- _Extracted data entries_
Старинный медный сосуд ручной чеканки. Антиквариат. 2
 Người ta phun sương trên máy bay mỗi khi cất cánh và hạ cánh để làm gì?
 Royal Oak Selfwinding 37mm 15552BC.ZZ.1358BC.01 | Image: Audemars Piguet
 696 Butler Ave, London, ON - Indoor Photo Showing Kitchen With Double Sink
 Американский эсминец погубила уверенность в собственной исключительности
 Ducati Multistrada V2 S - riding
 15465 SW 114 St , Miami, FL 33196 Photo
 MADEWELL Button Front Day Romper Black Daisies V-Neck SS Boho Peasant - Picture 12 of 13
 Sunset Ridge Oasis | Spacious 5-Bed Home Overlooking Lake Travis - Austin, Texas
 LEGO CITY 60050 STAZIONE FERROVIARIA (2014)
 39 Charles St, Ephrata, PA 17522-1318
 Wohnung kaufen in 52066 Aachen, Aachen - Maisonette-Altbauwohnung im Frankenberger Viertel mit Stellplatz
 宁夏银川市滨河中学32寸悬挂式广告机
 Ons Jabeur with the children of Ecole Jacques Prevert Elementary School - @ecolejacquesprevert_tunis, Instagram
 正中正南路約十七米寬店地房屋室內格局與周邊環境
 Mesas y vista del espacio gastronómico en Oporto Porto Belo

- _What to produce_
Exactly as written above, copy every line.

- _Exercise result_
Старинный медный сосуд ручной чеканки. Антиквариат. 2
 Người ta phun sương trên máy bay mỗi khi cất cánh và hạ cánh để làm gì?
 Royal Oak Selfwinding 37mm 15552BC.ZZ.1358BC.01 | Image: Audemars Piguet
 696 Butler Ave, London, ON - Indoor Photo Showing Kitchen With Double Sink
 Американский эсминец погубила уверенность в собственной исключительности
 Ducati Multistrada V2 S - riding
 15465 SW 114 St , Miami, FL 33196 Photo
 MADEWELL Button Front Day Romper Black Daisies V-Neck SS Boho Peasant - Picture 12 of 13
 Sunset Ridge Oasis | Spacious 5-Bed Home Overlooking Lake Travis - Austin, Texas
 LEGO CITY 60050 STAZIONE FERROVIARIA (2014)
 39 Charles St, Ephrata, PA 17522-1318
 Wohnung kaufen in 52066 Aachen, Aachen - Maisonette-Altbauwohnung im Frankenberger Viertel mit Stellplatz
 宁夏银川市滨河中学32寸悬挂式广告机
 Ons Jabeur with the children of Ecole Jacques Prevert Elementary School - @ecolejacquesprevert_tunis, Instagram
 正中正南路約十七米寬店地房屋室內格局與周邊環境
 Mesas y vista del espacio gastronómico en Oporto Porto Belo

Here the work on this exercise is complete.